• **TASK DESCRIPTION**
Pull every line containing the word "Desenli" out of the material below.

• **EXTRACTED DATA**
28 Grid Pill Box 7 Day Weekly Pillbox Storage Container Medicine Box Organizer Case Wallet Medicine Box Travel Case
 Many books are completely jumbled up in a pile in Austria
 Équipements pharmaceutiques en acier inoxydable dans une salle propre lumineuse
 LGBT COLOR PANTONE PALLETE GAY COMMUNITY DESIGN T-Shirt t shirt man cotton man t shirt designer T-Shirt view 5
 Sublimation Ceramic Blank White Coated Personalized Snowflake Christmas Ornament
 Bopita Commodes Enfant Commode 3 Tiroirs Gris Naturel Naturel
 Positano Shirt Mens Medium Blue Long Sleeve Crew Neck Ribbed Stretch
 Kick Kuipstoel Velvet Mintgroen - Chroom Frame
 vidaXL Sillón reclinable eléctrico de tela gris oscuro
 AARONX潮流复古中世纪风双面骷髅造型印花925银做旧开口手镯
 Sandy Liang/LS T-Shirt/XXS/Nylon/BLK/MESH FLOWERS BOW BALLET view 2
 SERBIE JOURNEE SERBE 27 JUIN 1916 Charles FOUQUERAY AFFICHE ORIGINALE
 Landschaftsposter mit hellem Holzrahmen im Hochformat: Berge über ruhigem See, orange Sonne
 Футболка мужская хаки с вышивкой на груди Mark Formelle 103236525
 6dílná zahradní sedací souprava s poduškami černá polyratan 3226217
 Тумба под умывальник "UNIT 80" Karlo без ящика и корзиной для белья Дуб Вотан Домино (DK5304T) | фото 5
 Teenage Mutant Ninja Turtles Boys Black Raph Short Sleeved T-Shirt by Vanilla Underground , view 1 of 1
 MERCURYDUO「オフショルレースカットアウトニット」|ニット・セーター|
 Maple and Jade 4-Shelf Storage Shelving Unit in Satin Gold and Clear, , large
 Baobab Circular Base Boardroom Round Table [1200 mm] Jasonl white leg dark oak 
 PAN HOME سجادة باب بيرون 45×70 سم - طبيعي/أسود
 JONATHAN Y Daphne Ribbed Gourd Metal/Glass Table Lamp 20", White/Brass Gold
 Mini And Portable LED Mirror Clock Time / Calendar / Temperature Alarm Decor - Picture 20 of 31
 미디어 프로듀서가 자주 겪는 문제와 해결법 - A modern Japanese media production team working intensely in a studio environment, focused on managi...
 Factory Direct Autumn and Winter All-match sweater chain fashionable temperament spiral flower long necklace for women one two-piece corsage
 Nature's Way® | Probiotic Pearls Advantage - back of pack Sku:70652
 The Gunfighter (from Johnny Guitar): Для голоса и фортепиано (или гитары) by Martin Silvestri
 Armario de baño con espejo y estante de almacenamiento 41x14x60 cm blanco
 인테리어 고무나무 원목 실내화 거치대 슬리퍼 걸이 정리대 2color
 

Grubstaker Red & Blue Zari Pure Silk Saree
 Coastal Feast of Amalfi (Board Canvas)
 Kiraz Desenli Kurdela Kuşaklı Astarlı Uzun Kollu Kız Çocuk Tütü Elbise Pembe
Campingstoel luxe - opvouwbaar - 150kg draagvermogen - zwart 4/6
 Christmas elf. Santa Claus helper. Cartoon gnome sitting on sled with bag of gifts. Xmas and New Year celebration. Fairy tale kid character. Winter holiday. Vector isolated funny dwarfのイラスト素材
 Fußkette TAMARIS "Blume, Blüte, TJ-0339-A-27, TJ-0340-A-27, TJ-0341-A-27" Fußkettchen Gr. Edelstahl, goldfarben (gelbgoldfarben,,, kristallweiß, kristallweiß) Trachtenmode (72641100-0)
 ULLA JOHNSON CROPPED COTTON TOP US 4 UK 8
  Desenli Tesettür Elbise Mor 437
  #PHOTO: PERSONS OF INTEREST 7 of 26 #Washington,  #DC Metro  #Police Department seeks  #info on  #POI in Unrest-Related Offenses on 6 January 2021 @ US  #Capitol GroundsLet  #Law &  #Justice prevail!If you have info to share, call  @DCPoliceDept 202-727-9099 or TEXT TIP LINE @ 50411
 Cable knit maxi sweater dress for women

• **SOLUTION TO THIS TASK**
 Kiraz Desenli Kurdela Kuşaklı Astarlı Uzun Kollu Kız Çocuk Tütü Elbise Pembe
  Desenli Tesettür Elbise Mor 437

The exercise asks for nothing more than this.